The Roman Empire: "comparison" maps of "successor" Empires


This page contains maps of three Empires that came after the end of the Roman Empire, which were "successors" in the sense that they contained an Imperial city (Rome or New Rome). I compare them at their height to the Roman Empire at various times. I also include the kingdom of Greece, even though this was not an Empire and did not include New Rome.


> Ottoman Empire in 1606.

The first successor Empire came into being immediately following the end of the Roman Empire in 1453. It was the Ottoman Empire, with Constantinople as its capital. Named after its first ruler, Osman (1280-1324), it grew fairly steadily for three centuries to the early 17th century. It then declined fairly steadily for another three centuries until its end in 1923 when the modern state of Turkey replaced it. Above it is shown at its peak, in 1606, following the successful conclusion of a war with the Hapsburg Empire which extended the Ottomans' hold over Hungary. In the east, however, a war since 1603 with Safavid Persia was going badly, and would lead to the loss of significant territory by 1639.  Its territories here are comparable to that of the Byzantine Empire in 564, under Justinian, shown below. The Byzantine Empire at its peak extended a lot further west, but the Ottoman Empire extended further east, north, and south. The Byzantine Empire lasted almost 900 years after its peak; the Ottoman Empire little more than 300.
 

< Byzantine Empire in 564.



> Napoleon's Empire in 1812

The second successor Empire was Napoleon's Empire of the French. As the most successful general of the French revolution, Napoleon made himself dictator of France in 1799. In imitation of Classical Rome, he took the title of First Consul. In 1804, he followed the lead of that earlier Emperor of the Franks, Charlemagne, by being crowned Emperor in Rome. Pointedly unlike Charlemagne, however, he took the crown from the Pope and placed it on his own head himself. In 1809 he annexed the Papal States, bringing Rome into his Empire. His Empire reached its height in 1812 as shown above. The stippled areas were mostly ruled by members of Napoleon's family. Of the great powers, only Britain and Russia remained in opposition to him. In 1812 he marched east with an army of half a million men to bring the Czar into line. This campaign was a disaster, and the next year all of Europe rose against him. With his final defeat in 1815, Napoleon's Empire crumbled to nothing. Yet at its height, it was well comparable to Charlemagne's Empire 1000 years before, as shown below.
 

< Charlemagne's Empire in 812


> Fascist Empire in 1942

The third successor Empire was Mussolini's Fascist Italian Empire (1922-1943). It was named after the Fasces, a bundle of sticks symbolizing authority in the ancient Republic of Rome. Mussolini portrayed himself as the new Julius Caesar, and then the new Augustus.
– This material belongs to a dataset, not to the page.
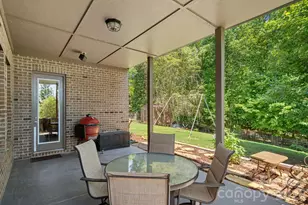 897 Tyne Dr, Fort Mill, SC 29715 - Photo 25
Around the turn of the century the kingdom of Italy had taken Libya and Somalia (south of this map) in Africa. Mussolini's only real success at Empire building was his annexation of Ethiopia (south of this map) in 1936 and Albania in 1939. In the Second World War, Italian forces were at first humbled by the Greek army. The Italians were able to annex (solid) or occupy (stippled) the European territories shown above only with German assistance. Just one year later Italy was invaded by the British and Americans, and Mussolini overthrown.  At its height, the Fascist Italian Empire plus the areas in occupied was comparable to the Republican Roman Empire in 146 BC, when it had just become indisputably the greatest power in the northern Mediterranean. The map for this time, which is not reproduced anywhere else in this site, is shown below.
 

< Roman Empire in 146 BC



> Greek Kingdom in 1921

The last state shown does not strictly belong, as it was not an Empire, and did not contain New Rome. However, I could not resist showing the Greek Kingdom in 1921. This was after the First World War, when the Ottoman Empire was on the losing side. Its territories south of Anatolia and Armenia had already been lost to British and French forces, and much of its other territories occupied by the Allies (Britain, France, Italy and Greece). In 1920 the Allies decided to recreate a large Armenian state, give Smyrna and its hinterland to Greece, and make Constantinople and the straits an international area. The Ottoman Sultan agreed to these terms, but nationalist Turks refused to accept this further loss of territory. In the ensuing civil war, Greece saw its chance to recreate a Greek state encompassing western Anatolia as well as European Greece. By 1921 Greek forces controlled the area shown above (also including southern Albania, which was occupied 1918-23). With the notable exception of Constantinople, almost all of the area held by the Byzantine Empire before its collapse in 1204  was briefly under Greek control again. (The map below which shows this is not reproduced elsewhere in this site.) But the nationalist Turks under Kemal (later Attaturk) won their civil war, and by 1923 had beaten the Greek army and negotiated the withdrawal of the other Allied forces. Following this, both sides expelled their ethnic minorities, so that western Anatolia became overwhelmingly Turkish for the first time, and the southern Balkans (apart from Istanbul and its hinterland) overwhelmingly Greek. There was to be no Byzantine restoration, and no demographic justification for one in the future.